(The data Opens)

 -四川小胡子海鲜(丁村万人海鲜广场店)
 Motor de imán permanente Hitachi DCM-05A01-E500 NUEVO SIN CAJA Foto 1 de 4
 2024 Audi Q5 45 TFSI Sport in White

(The data Closes)
(The data Opens)

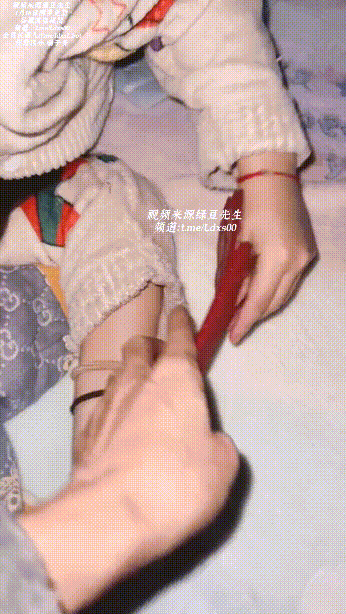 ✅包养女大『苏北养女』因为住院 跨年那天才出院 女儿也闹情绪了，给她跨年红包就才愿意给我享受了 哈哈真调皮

(The data Closes)
(The data Opens)

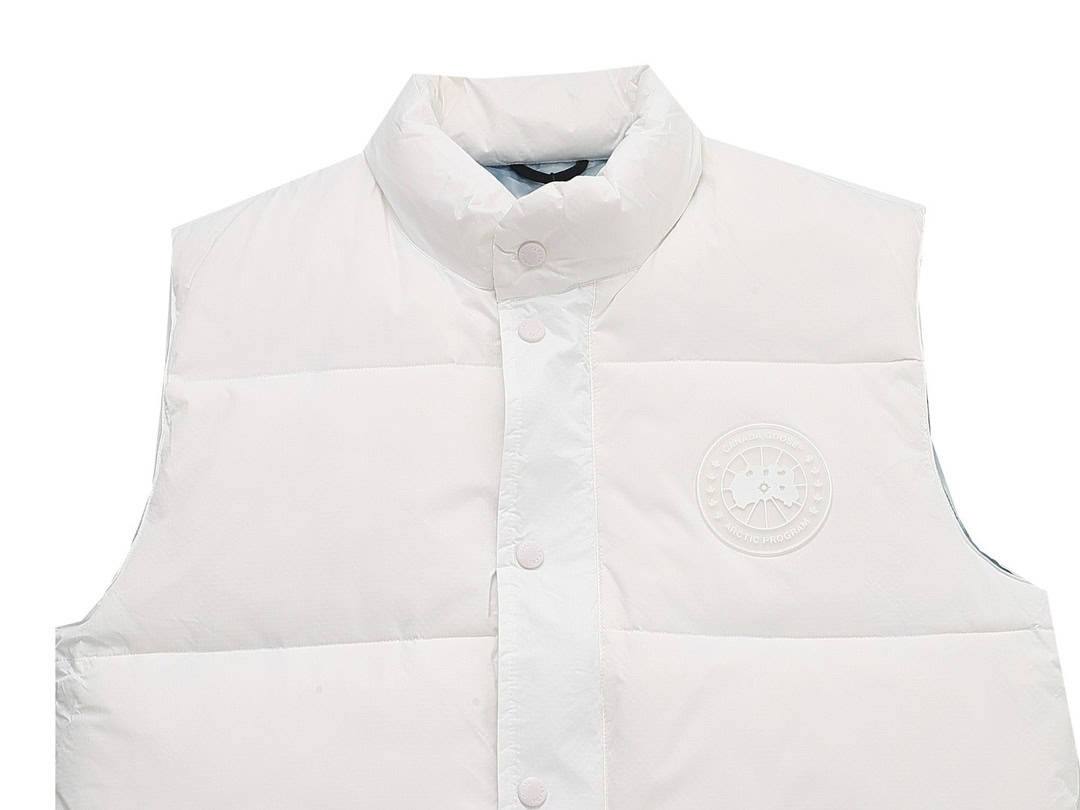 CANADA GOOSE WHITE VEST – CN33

(The data Closes)

> **Your assignment**: Above are the records. Print exactly, and only, the lines from the line with "-四川小胡子海鲜(丁村万人海鲜广场店)" to the line with "2024 Audi Q5 45 TFSI Sport in White", both inclusive.

> **Problem solution**:
 -四川小胡子海鲜(丁村万人海鲜广场店)
 Motor de imán permanente Hitachi DCM-05A01-E500 NUEVO SIN CAJA Foto 1 de 4
 2024 Audi Q5 45 TFSI Sport in White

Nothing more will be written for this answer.